* _INSTRUCTIONS FOR THE TASK_
Write out an exact copy of the line with "Delta Hotels by" and of each line after it, through the end of the records below.

───── DATA FOR PROCESSING

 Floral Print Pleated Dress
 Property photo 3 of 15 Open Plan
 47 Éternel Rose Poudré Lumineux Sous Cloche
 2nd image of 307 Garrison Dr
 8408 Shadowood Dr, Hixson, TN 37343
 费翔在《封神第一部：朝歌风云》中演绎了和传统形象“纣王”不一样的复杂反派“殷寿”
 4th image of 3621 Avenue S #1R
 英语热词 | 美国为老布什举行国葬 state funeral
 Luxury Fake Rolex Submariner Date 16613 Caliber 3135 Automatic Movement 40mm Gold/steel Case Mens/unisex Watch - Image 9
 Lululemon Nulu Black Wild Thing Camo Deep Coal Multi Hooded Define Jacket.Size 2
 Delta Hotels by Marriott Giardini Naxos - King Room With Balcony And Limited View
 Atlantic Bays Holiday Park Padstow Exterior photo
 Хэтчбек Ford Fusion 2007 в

──────────

* _RESPONSE_
 Delta Hotels by Marriott Giardini Naxos - King Room With Balcony And Limited View
 Atlantic Bays Holiday Park Padstow Exterior photo
 Хэтчбек Ford Fusion 2007 в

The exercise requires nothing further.